On 07/03/2017 04:08 PM, Richard Cyganiak wrote:
>
>> On 3 Jul 2017, at 14:54, Wouter Beek <wouter@triply.cc
>> <mailto:wouter@triply.cc>> wrote:
>>
>> Hi Richard, others,
>>
>>     The N-Triples document defines two languages: “N-Triples” and
>>     “Canonical N-Triples”. The latter requires a single space between
>>     RDF terms and does not permit comments, and is reasonably
>>     well-suited to processing with line-based text tools. Producers
>>     are encouraged to produce Canonical N-Triples.
>>
>>
>> True, but for a data consumer it is not possible to determine whether
>> a document is formatted in canonical or in non-canonical N-Triples
>> (except by fully parsing the document).
>
> Yes. To find out whether a document is formatted in some language it is
> necessary to fully parse the document. That’s true of every language.

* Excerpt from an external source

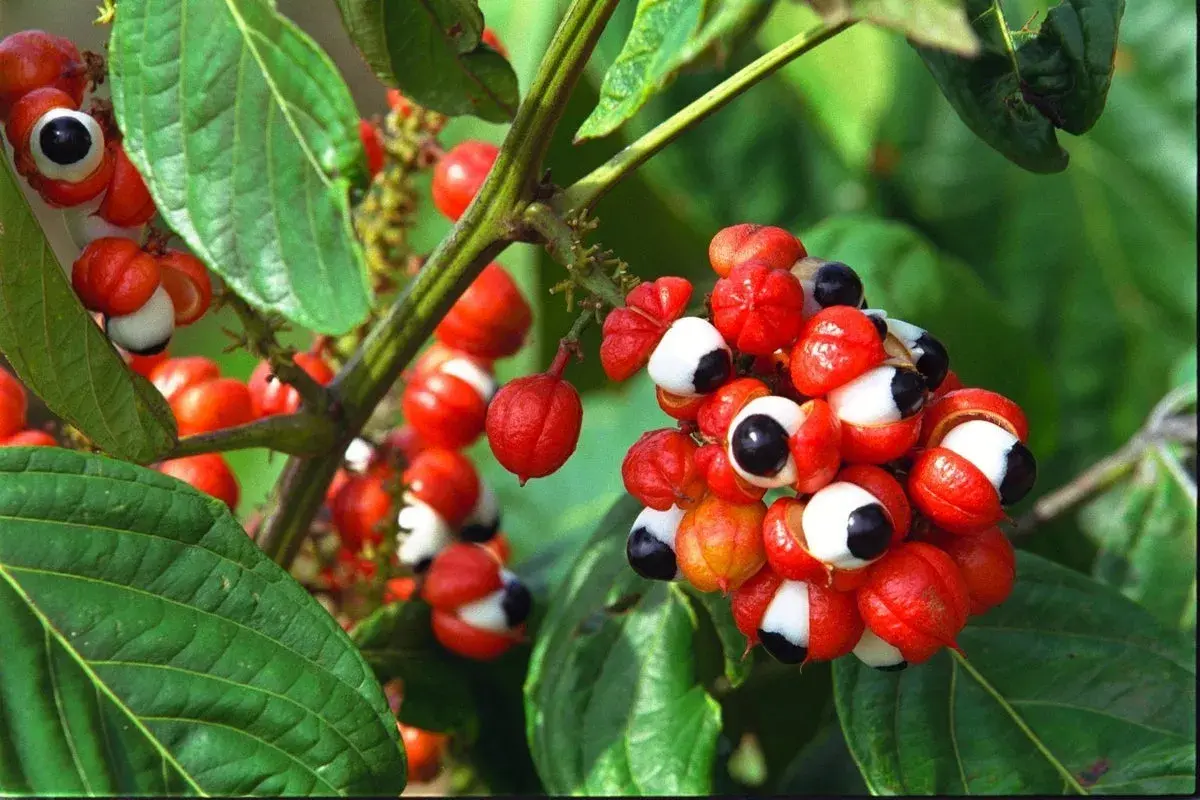 Grappes de fruits rouges vifs de guarana, ressemblant à des yeux, sur une branche. Connus pour leurs nombreux guarana bienfaits.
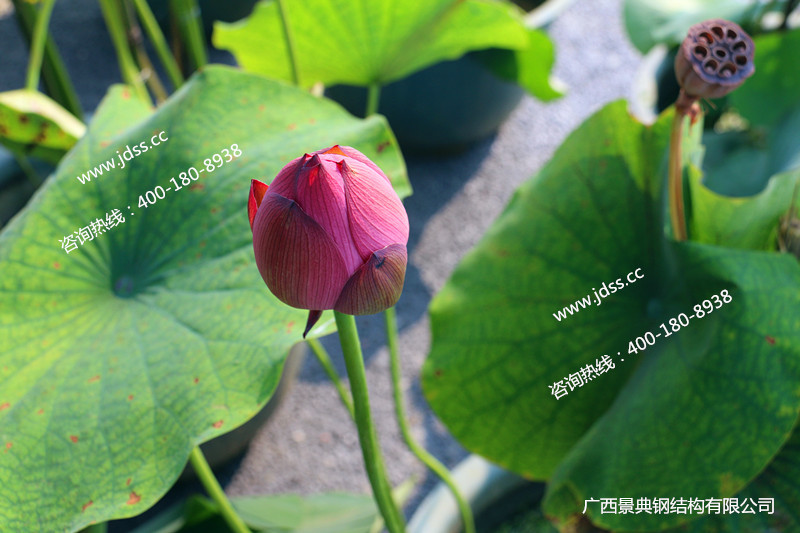 澳门六宝典资料大全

Not really. Actually, there have been nice competitions for writing
programs that are valid syntax in multiple languages. If they do not
have the same semantics you'd rather know what language it was meant to
be. If the language it is written in is declared somewhere (file
extension, media type, header declaration, etc.) you can process the
input according to that declaration.  True, you should normally check
that the document is indeed valid syntax and raise an error if this is
not the case.

>> Canonical and non-canonical N-Triples advertise the same Media Type in
>> HTTP Content-Type headers and have the same extension in file names.
>> It's nice when data publishers use the canonical N-Triples format, but
>> since the data consumer cannot anticipate that this is actually the
>> case, this does not make the situation easier for her in practice.
>
> My experience is exactly the opposite: When publishers and tools produce
> Canonical N-Triples, it makes my situation as a data consumer very much
> easier in practice, while in theory it doesn’t make a difference.

Good, but how do you even get a hint it may be canonical N-Triples?  I
guess because it is in the accompagnying docs?  So this is useful metadata
that should have been machine readable IMO.

 Cheers --- Jan

Received on Monday, 3 July 2017 14:24:53 UTC